*Exercise description:*
In your copy, include no images and return each entry exactly as written.

*Short descriptive text snippets:*
· · · ·

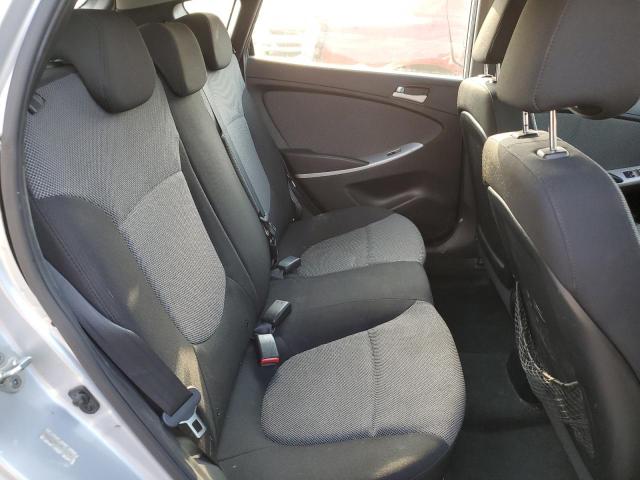Photo 10 from auction – 2013 HYUNDAI ACCENT with VIN KMHCT5AE0DU068255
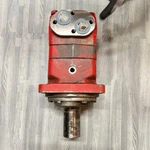 Danfoss Hydraulic Pump Orbital Motor OMV500 , 151B3102 N02423200. Fixed Price $699.00.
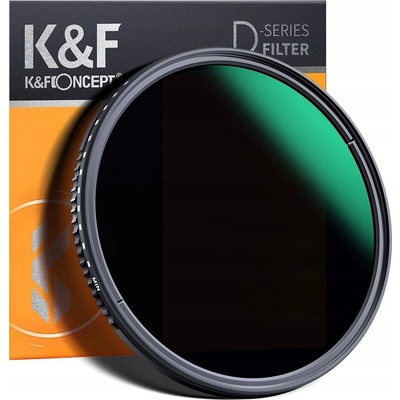 K&F Concept KF01.1835 67 mm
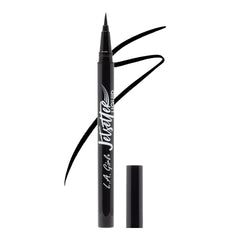 L.A. Girl front packaging displaying sleek liner for precise application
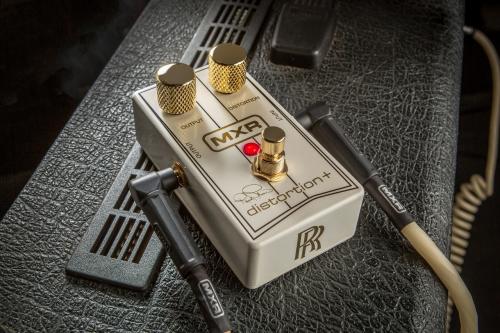 MXR RR104C Randy Rhoads Special Edition Distortion+ 【未開封品】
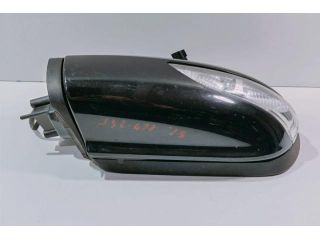 bontott MERCEDES-BENZ B-CLASS Bal Visszapillantó Tükör (Elektromos)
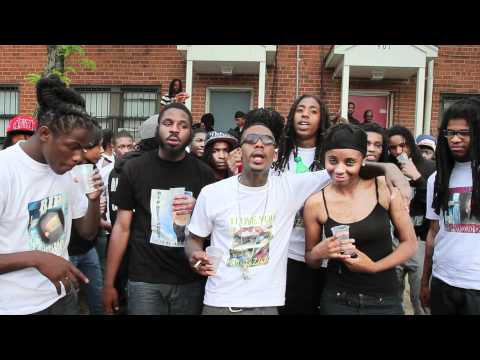 NOLIA GANG - NOLIA GANG ANTHEM (OFFICIAL VIDEO)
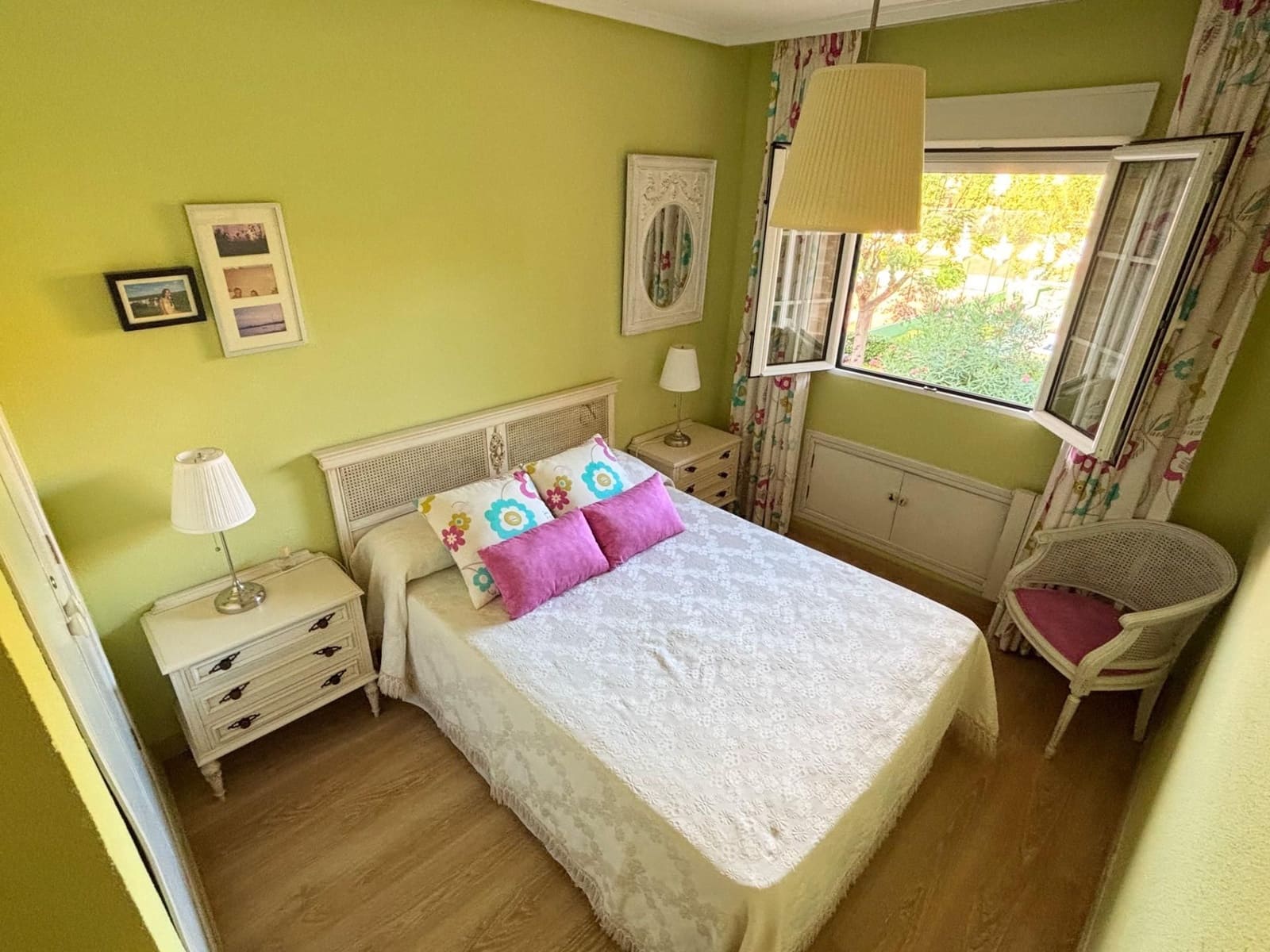 4 soverom Bungalow til salgs i Alicante by med svømmebasseng garasje - € 560 000 (Ref: 8799517)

· · · ·

*Answer to the exercise:*
Photo 10 from auction – 2013 HYUNDAI ACCENT with VIN KMHCT5AE0DU068255
 Danfoss Hydraulic Pump Orbital Motor OMV500 , 151B3102 N02423200. Fixed Price $699.00.
 K&F Concept KF01.1835 67 mm
 L.A. Girl front packaging displaying sleek liner for precise application
 MXR RR104C Randy Rhoads Special Edition Distortion+ 【未開封品】
 bontott MERCEDES-BENZ B-CLASS Bal Visszapillantó Tükör (Elektromos)
 NOLIA GANG - NOLIA GANG ANTHEM (OFFICIAL VIDEO)
 4 soverom Bungalow til salgs i Alicante by med svømmebasseng garasje - € 560 000 (Ref: 8799517)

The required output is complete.